● About this exercise: Using the data that follows, give the number of lines in which the word "Luxury" occurs. Write only the number.

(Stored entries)

== Segment start ==

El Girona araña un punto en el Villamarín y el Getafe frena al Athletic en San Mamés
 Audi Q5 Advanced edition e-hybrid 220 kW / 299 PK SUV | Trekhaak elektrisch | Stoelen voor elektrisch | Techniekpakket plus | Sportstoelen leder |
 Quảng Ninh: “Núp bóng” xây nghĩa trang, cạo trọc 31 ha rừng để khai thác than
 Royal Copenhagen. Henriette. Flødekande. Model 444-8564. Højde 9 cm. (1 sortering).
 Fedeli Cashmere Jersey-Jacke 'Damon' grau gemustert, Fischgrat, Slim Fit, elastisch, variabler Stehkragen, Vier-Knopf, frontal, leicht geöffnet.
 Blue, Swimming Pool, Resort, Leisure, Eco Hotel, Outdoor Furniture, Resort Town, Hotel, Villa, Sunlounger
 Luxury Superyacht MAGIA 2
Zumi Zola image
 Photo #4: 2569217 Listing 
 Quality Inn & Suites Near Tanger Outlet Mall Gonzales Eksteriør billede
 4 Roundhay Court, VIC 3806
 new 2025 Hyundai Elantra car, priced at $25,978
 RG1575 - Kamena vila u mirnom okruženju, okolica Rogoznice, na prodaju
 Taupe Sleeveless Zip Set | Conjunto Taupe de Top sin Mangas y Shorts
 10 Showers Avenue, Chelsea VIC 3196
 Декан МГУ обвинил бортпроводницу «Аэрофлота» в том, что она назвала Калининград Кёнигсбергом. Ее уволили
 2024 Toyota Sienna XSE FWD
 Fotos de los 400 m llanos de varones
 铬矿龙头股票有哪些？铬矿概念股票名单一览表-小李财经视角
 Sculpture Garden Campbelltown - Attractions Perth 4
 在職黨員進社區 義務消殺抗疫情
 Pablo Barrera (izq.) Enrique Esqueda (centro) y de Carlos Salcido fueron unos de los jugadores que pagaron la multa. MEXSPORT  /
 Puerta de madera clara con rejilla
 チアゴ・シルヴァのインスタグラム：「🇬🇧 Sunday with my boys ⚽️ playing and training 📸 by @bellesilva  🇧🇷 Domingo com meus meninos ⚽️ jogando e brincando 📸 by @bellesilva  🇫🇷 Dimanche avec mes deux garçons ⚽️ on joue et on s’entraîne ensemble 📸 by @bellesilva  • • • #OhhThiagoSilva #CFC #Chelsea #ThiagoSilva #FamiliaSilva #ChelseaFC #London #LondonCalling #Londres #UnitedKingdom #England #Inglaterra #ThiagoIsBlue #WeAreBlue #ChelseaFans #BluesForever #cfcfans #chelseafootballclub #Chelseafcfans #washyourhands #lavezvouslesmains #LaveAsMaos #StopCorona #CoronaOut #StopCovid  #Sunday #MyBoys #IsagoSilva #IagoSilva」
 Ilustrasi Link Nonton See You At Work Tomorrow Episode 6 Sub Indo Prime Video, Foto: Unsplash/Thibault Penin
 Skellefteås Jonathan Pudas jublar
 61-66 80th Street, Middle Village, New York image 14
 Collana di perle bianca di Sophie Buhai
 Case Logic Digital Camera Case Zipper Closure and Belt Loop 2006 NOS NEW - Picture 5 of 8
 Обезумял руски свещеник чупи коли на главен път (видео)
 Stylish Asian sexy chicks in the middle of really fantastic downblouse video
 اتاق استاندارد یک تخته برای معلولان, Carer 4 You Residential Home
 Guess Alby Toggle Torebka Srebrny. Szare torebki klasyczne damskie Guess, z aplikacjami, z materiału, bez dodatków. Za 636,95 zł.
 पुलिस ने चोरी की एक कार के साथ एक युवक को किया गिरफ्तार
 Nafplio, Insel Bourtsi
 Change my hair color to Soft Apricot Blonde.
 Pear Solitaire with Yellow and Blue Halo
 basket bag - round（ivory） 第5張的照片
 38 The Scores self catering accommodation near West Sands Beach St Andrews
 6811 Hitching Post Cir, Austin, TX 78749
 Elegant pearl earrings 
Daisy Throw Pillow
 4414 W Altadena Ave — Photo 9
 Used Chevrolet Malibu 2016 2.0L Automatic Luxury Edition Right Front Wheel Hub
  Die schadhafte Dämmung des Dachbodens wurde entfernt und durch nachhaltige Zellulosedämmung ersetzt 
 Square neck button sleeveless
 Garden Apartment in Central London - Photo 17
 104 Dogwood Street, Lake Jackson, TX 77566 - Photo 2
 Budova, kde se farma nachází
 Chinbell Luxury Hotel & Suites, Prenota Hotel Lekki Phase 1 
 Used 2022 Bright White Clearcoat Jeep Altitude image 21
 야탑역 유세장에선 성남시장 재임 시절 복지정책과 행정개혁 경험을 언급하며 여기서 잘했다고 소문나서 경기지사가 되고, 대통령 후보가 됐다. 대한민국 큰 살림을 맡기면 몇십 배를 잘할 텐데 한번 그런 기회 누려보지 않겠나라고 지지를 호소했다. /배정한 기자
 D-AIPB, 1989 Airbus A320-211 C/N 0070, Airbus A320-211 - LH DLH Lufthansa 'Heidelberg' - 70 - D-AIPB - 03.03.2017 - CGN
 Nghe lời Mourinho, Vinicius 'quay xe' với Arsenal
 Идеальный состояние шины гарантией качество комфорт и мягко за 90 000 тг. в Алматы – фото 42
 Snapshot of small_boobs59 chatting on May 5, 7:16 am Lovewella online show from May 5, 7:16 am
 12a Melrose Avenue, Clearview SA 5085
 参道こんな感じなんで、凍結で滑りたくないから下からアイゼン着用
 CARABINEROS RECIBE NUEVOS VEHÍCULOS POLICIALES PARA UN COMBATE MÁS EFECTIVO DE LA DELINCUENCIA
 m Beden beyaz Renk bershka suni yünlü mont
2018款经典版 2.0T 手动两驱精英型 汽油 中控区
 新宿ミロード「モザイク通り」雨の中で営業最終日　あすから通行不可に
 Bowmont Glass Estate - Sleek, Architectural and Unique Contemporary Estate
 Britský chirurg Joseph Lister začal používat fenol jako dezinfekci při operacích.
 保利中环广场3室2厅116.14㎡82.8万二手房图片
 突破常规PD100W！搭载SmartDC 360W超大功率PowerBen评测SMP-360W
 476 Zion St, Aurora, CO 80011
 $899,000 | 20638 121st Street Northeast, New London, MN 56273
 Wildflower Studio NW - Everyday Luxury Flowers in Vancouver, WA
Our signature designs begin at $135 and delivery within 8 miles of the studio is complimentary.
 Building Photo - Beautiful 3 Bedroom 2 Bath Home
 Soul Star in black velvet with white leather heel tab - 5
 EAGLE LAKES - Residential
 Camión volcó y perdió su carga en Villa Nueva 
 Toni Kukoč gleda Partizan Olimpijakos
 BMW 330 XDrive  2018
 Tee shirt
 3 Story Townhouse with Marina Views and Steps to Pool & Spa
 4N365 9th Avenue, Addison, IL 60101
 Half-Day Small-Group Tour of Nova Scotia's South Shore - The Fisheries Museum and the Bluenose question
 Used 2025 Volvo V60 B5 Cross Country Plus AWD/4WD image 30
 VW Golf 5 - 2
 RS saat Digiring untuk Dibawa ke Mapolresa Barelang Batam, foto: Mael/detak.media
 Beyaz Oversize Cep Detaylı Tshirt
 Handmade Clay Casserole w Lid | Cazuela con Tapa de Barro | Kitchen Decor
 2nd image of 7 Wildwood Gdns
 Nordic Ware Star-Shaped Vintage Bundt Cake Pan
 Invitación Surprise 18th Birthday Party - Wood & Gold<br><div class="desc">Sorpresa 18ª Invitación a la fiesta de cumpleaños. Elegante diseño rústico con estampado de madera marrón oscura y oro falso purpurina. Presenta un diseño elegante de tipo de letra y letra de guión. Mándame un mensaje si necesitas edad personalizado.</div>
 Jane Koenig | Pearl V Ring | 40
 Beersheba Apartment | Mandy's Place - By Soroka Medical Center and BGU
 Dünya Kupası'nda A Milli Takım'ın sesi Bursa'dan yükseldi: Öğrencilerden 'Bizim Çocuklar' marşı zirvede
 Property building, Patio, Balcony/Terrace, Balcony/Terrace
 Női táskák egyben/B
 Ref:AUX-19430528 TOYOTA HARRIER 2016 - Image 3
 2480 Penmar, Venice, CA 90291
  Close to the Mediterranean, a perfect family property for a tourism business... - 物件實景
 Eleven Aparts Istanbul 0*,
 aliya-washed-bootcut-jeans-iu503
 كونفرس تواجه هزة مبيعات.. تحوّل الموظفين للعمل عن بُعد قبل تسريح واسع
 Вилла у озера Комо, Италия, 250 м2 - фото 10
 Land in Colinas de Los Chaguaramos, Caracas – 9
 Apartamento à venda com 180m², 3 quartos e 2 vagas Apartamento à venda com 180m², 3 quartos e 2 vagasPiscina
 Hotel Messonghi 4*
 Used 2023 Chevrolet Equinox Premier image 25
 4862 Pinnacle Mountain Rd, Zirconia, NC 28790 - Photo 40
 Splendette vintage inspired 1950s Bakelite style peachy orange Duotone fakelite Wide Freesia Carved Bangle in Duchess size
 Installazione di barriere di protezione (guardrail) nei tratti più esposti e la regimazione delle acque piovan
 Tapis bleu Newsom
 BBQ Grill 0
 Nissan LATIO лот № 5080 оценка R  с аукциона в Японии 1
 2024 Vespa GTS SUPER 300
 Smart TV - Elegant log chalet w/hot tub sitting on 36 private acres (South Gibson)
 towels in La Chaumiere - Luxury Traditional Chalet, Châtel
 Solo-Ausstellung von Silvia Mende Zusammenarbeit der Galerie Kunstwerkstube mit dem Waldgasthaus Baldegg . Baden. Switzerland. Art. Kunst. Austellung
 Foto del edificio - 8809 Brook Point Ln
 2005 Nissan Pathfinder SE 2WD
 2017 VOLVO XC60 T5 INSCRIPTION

== Segment end ==

● Your solution: 5